We have demonstrated how analysts can construct portfolios that are conditioned to better withstand turbulent events as well as perform relatively well in various market conditions. Analysts can also modify two methods of optimization – mean-variance optimization and full-scale optimization – to derive turbulence-resistant portfolios.
We modified mean-variance optimization by blending the differences between the realized turbulent returns and full-sample returns with equilibrium returns to estimate expected returns. Additionally, we blended the turbulent subsample covariances with the full-sample covariances in proportion to their sample sizes. We applied a modified version of full-scale optimization by increasing the representation of the turbulent subsample returns beyond their empirical frequency.
To evaluate the two methods, we performed 1,000 random trials of training and out-of-sample testing. For each trial, we drew a random half from the historical sample to use as training data—the other half was used as testing data. From the training data, we identified a turbulent subsample by calculating the turbulence index, and subsequently selecting the periods with the highest quartile (the highest turbulence index values). Using the full training sample, we build an unconditioned optimal portfolio that did not account for turbulence. Using the turbulent sample, combined with some information from the full training sample, we built a conditioned optimal portfolio that was expected to be more resistant to turbulence than an unconditioned portfolio. We then used the testing data to test both the unconditioned and the conditioned portfolios, and performed two types of testing: tone on the full testing sample and the other on a turbulent subsample within the testing sample.
Figure 5 compares the performance of these portfolios, and it is clear that the conditioned portfolios substantially outperformed the unconditioned portfolios in the out-of-sample turbulent periods, and only marginally under-performed the unconditioned portfolios, on average, in all market conditions.
The conditioned portfolios also outperformed the unconditioned portfolios much more frequently in the out-of-sample turbulent periods and outperformed almost as often in all market conditions, on average, as shown in Table 4.
This evidence strongly suggests that by understanding the conditional behavior of assets, portfolio managers can construct turbulence-resistant portfolios without substantially compromising average performance.

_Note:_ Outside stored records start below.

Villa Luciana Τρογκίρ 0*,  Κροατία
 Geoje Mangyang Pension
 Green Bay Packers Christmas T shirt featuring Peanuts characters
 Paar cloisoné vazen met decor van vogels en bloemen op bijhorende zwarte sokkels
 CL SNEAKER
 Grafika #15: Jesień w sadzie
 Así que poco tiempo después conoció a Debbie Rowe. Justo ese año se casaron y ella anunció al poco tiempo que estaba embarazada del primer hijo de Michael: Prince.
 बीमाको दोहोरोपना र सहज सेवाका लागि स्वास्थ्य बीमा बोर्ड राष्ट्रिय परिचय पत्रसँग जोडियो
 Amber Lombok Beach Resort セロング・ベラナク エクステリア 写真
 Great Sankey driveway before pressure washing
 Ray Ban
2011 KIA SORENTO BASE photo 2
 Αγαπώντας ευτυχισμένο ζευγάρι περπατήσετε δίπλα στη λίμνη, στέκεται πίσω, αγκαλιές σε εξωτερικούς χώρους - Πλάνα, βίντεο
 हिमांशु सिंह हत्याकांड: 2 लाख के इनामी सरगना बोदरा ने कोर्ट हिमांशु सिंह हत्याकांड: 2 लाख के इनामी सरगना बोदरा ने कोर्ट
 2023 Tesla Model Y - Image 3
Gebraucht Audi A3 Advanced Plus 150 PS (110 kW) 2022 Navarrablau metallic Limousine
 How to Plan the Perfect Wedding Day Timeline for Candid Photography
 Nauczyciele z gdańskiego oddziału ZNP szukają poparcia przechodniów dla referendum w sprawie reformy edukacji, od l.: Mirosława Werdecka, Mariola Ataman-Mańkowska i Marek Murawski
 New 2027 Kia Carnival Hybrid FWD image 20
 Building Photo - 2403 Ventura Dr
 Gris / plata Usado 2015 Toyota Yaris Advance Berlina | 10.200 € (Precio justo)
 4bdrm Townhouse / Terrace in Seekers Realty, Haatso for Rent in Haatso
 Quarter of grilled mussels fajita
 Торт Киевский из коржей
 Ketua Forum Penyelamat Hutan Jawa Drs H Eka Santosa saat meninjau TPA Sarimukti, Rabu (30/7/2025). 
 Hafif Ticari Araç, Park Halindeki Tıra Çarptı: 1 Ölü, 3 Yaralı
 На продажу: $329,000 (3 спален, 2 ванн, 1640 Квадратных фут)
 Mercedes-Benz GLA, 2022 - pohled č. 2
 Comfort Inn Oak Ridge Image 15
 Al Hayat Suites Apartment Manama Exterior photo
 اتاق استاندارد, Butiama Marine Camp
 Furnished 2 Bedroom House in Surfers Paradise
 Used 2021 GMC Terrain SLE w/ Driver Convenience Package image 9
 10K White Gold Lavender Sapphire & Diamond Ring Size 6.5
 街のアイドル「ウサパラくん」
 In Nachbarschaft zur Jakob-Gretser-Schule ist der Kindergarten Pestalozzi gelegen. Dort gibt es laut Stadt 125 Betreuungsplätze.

The differential performance of risky strategies during turbulent and non-turbulent periods, together with the persistence of turbulence, raising the tantalizing prospect that portfolio managers may be able to improve performance by conditioning exposure to risk on the degree of turbulence. A simple scaling rule applied to the carry strategy does significantly improve performance.
We measured the 30-day moving average of turbulence each day from the returns of G-10 currencies and recorded whether the level of turbulence that day fell into the first, second, third, fourth, or fifth quintile of turbulence on the basis of a trailing three-year window. We then weighted exposure to the carry strategy in inverse proportion to turbulence as shown in Table 5. We assumed a one-day lag for implementation.
We applied the same scaling rule in using other signals of market stress, swap spreads, and yield spreads. Table 6 shows the performance of the unfiltered carry strategy as well as its filtered performance. The evidence shows that reducing exposure to the carry strategy in proportion substantially improves performance, and by a wider margin, than using any other signal of market stress.